Japanese stocks were mixed but positive with the Nikkei up 0.06%.  The gains were led by a 1.2% increase in consumer services and 0.7% increase in health care.  China’s stocks were down as well with the Shanghai Composite down 0.2%, led by a 2% loss in telecommunications.   Overall, most Asian stocks fell on the news that the Reserve Bank of Australia surprised the markets with a hike with the Reserve Bank of India hiking as well.  In Europe stocks were mixed ahead of the Fed meeting tomorrow as investors wait to see amount of easing the Fed will provide.   Though Stoxx Europe 600 was up 0.6% led by gains in oil and gas and consumers as eurozone PMIs were better-than-expected.   At the same time the FTSE was up 0.6% followed by a 0.2% gain in the Dax.

Fiscal woes in the periphery continue, as the markets price up the risk premium attached with holding their debt.   Greek and Irish bond yields, for example, led a rise in the periphery with their 10-year bond yields up by 22bp and 8bp, respectively.  Meanwhile, Portuguese and Spanish yields were up 5bp and 4 bp.  Elsewhere, in Portugal, the PSD opposition party led claims the government has shown commitment to cut primary spending by €500mn, while Ireland’s senior government MP Mcdaid resigned, cutting the coalition majority to 3.  This further exasperated the yield premium.  German 10-year yields were down 1bp with US Treasuries, at both the 2- and 10-year tenor, flat 

Currency Markets

The US midterm election is today.  The Republican Party needs to pick up a net 39 seats in the 435-member House of Representatives to wrest control from the Democrats.  Many political insiders project them winning net 50-60 seats.  The Republicans picked up 54 seats in the 1994 midterm election, while the historic landslide was in 1938, when the Republicans picked up 72 seats.   In the Senate, the Republicans need a net 10 seats capture the upper chamber.  Insiders project they may fall shy with 6-8 seats.   On one hand, the stronger the Republicans do, the more Obama’s agenda will be curtailed and/or repealed.  Fiscally, tax cuts would be extended and spending cut.  On the other hand, this electoral cycle has featured the rise of the Tea Party and there is some risk that the stronger the Republican victory today the more difficult to may be to reconcile the two wings of the Republican Party.   The dollar does not show as strong of a cyclical pattern in the year after the midterm election.

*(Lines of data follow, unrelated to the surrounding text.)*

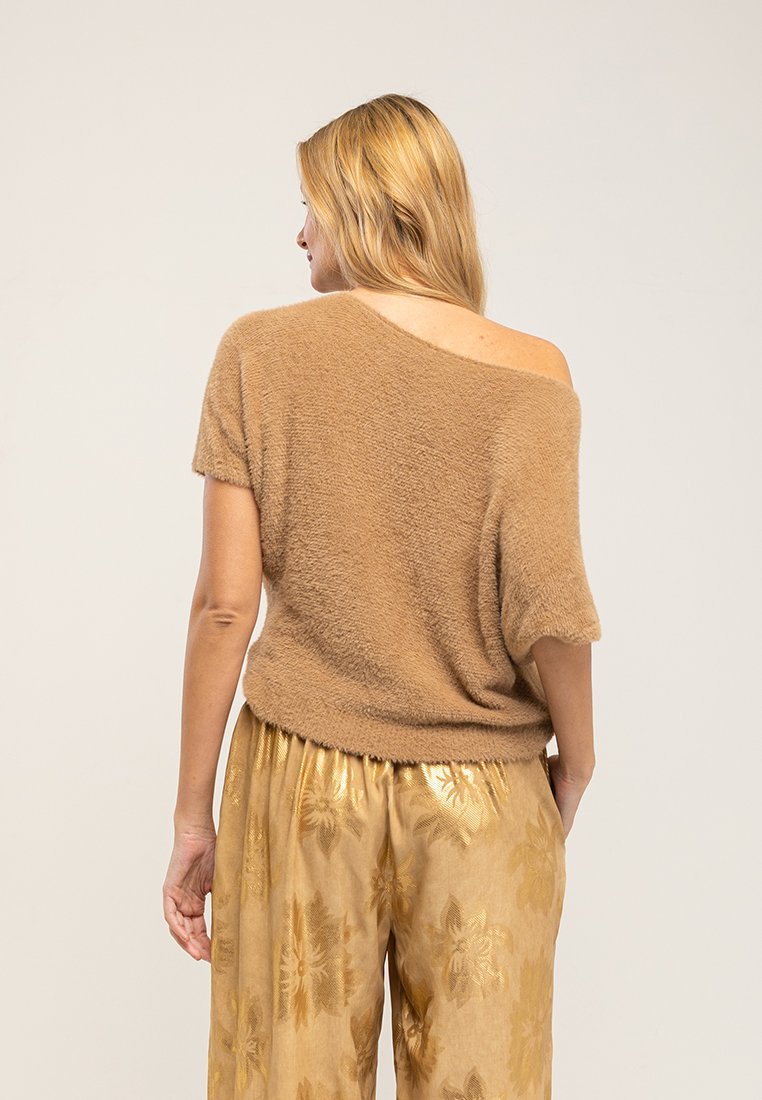 Brązowy, puszysty sweter z dekoltem na jednym ramieniu, w połączeniu ze złotymi satynowymi spodniami w kwiatowy wzór. Miękka tekstura i luźny krój.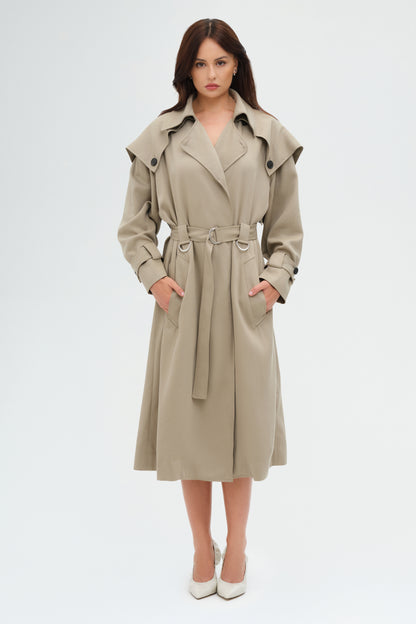 Woman wearing a beige trench coat on a white background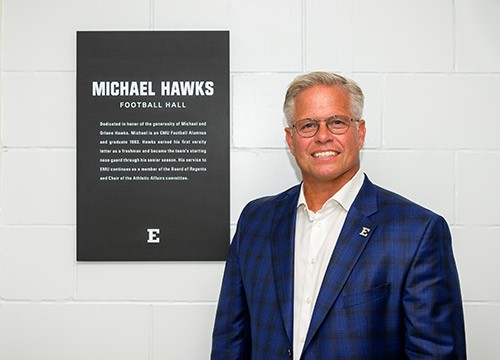 Regent Michael Hawks stands by the plaque of the football hall named in his honor.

Tomorrow’s FOMC meeting overshadows the election in the capital markets.  Two key variables are the size of the long-term asset purchases and the pace in which they are purchased.  A Bloomberg poll found that of 53 respondents, 29 expected a $500 bln program to be announced, 7 expected monthly purchases of $50-$100 bln without a specified total, 12 expected up to $500 bln and 5 did not specify the amount.  In terms of pace, 7 do not a time line to be announced, 9, expect the purchases to last three months, 17 expected three-six month duration, 9 expected six months to  one year, 5 expect through next year, and 6 did not specify a time frame.  We suspect there is headline risk regardless of what the Fed decides.  Our points have been three-fold:  1) outside the headline risk, much of QEII has been priced into the dollar with its nearly 7% decline on the Fed’s major trade-weighted index, 2) QEII should be understood as an insurance policy not life support, 3) while some monetary/financial variables may improve, the impact on the real economy is not clear and ultimately rests on financial actors respond. 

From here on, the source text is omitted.